Although the circuit just described is useable and meets the ANSI specification for many lower-wattage ballasts, for lamp wattage of higher values, the specifications are increasingly harder to meet with the circuit described in FIG. 2. That is, it is extremely difficult to maintain the pulse position, width and amplitude at such higher wattage conditions. This is especially true, as all parameters must be met for variations in line voltage as specified by ANSI. Further, there are additional weaknesses in the circuit as a result of the presence of power resistor 12.
For example, the charge times of capacitor 10 and of capacitor 14 are dependent on and extremely sensitive to the amplitude of the voltage on the power distribution line. As this voltage amplitude varies, so does the pulse position, pulse width and the amplitude of the voltage on capacitor 10, and hence the time that SCR 22 conducts and discharges the capacitor.
A second problem with resistor 12 is that it consumes power and generates heat. This is a problem at any time, but especially under no-lamp or end-of-lamp-life conditions.
Another problem with the FIG. 2 circuit is the reliability of many of the components, especially of SCR 22 and capacitor 10, since operation in the above manner stresses each of these components greatly.
Therefore, it is a feature of the present invention to provide an improved lamp starting aid for providing pulses to a high intensity, gaseous discharge lamp which aid does not include a power resistor.

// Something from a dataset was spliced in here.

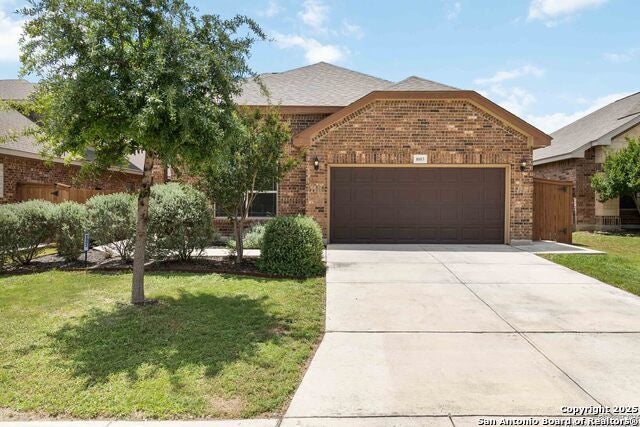 8803 Shady Mountain, San Antonio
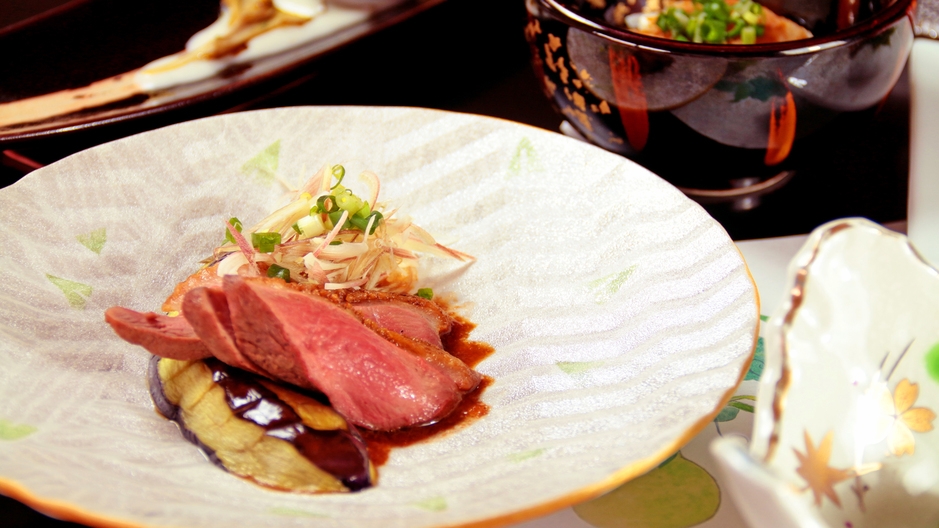【夕食付】白銀の湯無料券付き！朝寝坊＆早朝出発の方の為に♪地元食材を使った＜和食×イタリアン＞を食す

It is another feature of the present invention to provide an improved lamp starting aid for providing pulses to a high intensity, gaseous discharge lamp which reduces the number of components related to establishing pulse position, width and amplitude when compared with prior art circuits and, therefore, makes it easier to meet the ANSI specifications for such circuits at high wattage operating conditions.